Все это было написано в начале 1970-х годов. И как бы ни называть суждения Шаламова — пессимистическими, редукционистскими (понижающими достоинство человека в сравнении с его гуманистическим идеалом), многое в его взглядах, как легко поймет читатель, увы, оказалось верным. Грозная, почти апокалиптическая картина, нарисованная Шаламовым, самым зримым и осязаемым образом осуществилась уже в конце XX века — и в России, и в мире — в новых войнах и массовых убийствах, в циничном пренебрежении человеческой жизнью, в распространении «блатарской инфекции» — во всем, что связано, как он писал, со «снижением моральной температуры» человеческого сообщества…
Шаламов всегда отказывался от миссии «пророка» или «учителя жизни». Но кто он? Угадчик? Поэт, ощущающий подземные течения жизни? Сугубо трезвый и прагматичный мыслитель, отметающий с порога все розовые иллюзии и проливающий холодный душ на горячие головы? По крайней мере невозможно отрицать, что этот дар был дан Шаламову новым зрением, новым знанием о человеке, которое он приобрел на Колыме.

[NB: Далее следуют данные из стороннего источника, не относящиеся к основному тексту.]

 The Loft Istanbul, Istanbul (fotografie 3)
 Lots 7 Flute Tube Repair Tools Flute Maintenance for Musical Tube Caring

Его главный призыв в этом письме — чтобы «Колымские рассказы» прочитывались не просто как свидетельство о прошлой трагедии, а предупреждение о возможности новых, пусть и в других формах. Эта мысль — лейтмотив его поздних произведений, она постоянно звучит и в созданных в это же время — в виде посланий к друзьям и знакомым — литературных манифестах, разъясняющих — тем, кто недопонимает — смысл его прозы, которую он с полным основанием называл «новой». «Лагерь — мироподобен», — заявлял он еще в «Вишерском антиромане». «Я пишу о лагере не больше, чем Мелвилл о море или Экзюпери о небе», — не раз повторял он в письмах и дневнике. Наконец, главная нравственная идея, соединяющая прошлое и настоящее, выражена предельно четкой максимой, занесенной карандашом в дневники, писавшиеся на тех же ученических тетрадях: «Мои рассказы, в сущности — советы человеку, как держать себя в толпе…»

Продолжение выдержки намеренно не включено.